And yet, reading any tome of collected monsters which includes stat blocks for use in gaming just bores me to tears. Sure I own the original Monster Manual and am very glad for its existence, but in all my collecting of old school books over the last 7 or 8 years, I have never bothered to re-acquire any of its offspring. I think I've outgrown the need for tomes filled with codified monsters.
This extends, I'm sorry to say, to include your blog. Though I generally find it to be well written, entertaining, and informative, if your newfangled monster description includes a stat block, I cannot bring myself to read further. Nothing, in my opinion, saps the life out of a new monster description like a comprehensive statblock.
So when I make a dungeon nowadays--and yes, much of my time away from the blog lately has been spent creating a megadungeon--actually I'm going for gigadungeon status--statblocks are nowhere to be seen; I'm going all analog. If the orcs in room H4-13.46k (extensive encounter nomenclature is essential when you're keying a billion rooms) have lower than average hit points then I describe them as feeble, visibly wounded, sickly, wimpy, etc. Generally, though, I don't bother with such trifles 'cuz that would take forever and I've still got 987 million rooms to go.
In fact, generic, codified monsters like orcs are pretty rare in my giga-lair. Well, not rare. More like uncommon. Or, actually, maybe only marginally less common than is typical. But when they do appear, they're vastly altered... somewhat.

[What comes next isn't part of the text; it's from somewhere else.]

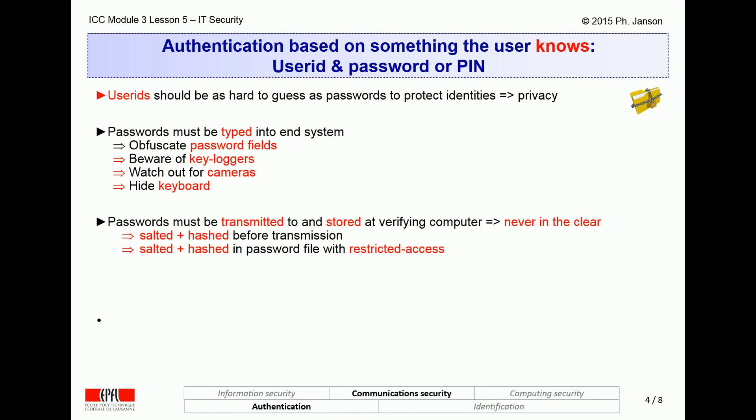At the destination, the target computer never sees or saves any clear text of any password. Instead, it stores only the salted and hashed password, and verification succeeds when what it receives from the user matches what is stored in its salted and hashed password list. Salting a password means prepending it with some fixed but random number to increase its entropy, for reasons that will become clear in a few slides.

|Do I look like I delight in killing and torture?!|
*In my handwritten notes, I put an umlaut over the first "o" to accentuate their origin. Pretty clever, eh?
As they make little effort to flee and are virtually incapable of engaging in combat; the little dudes are easily enslaved. In this regard, they might be influenced a tad by the house elves of Harry Potter fame. But they are hardly innocuous, obsequious Dobby-types.

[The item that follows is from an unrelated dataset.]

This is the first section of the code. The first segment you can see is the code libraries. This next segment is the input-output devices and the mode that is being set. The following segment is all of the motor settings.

When their domestic work is performed voluntarily they are glad for the opportunity to clean, cook, and mend things and do so in good cheer. If enslaved--and all you need to do to "enslave" a kobold is acknowledge his presence while he cleans up your place--they will develop an increasingly sinister manner toward their "master". At first this will manifest itself in minor pranks played on the master. As time goes on, such pranks will grow in malignancy until... well, there will be explosives involved. Did I mention that kobolds are also demolitions experts? The burnt-out Gnoll lair on Tier 4 of Blue-Quadrant Delta, Level 8 of Arx Varago* remains abandoned as testament to the conflagrative-fury of these placid-seeming little buggers.
*one of several working titles for my gigadungeon.
Their lairs are well hidden as a rule and are, as one might expect, extremely tidy. They are often dominated by meticulously arranged laboratories which they use to produce their volatile compounds.
Even though these kobolds are a pretty serious departure from the MM version--I've given them the scientific name Domus inimicus to distinguish them from the dog-faced dino-tots of MM fame, who are of the species Canisaurus pusillus--nowhere have I bothered writing down their Hit Dice or AC or any other number that might be used to quantify any aspect of their life-force or combat capacity. Instead, they're described as small and, though stealthy, not particularly quick. They wear no armor and carry no conventional weapons; if someone wants to hack them, they might attempt to flee, but often they will accept a martyr's demise. But beware, for their brethren will exact revenge. And, when such vengeance arrives, it will be unexpected, incendiary, and excessive.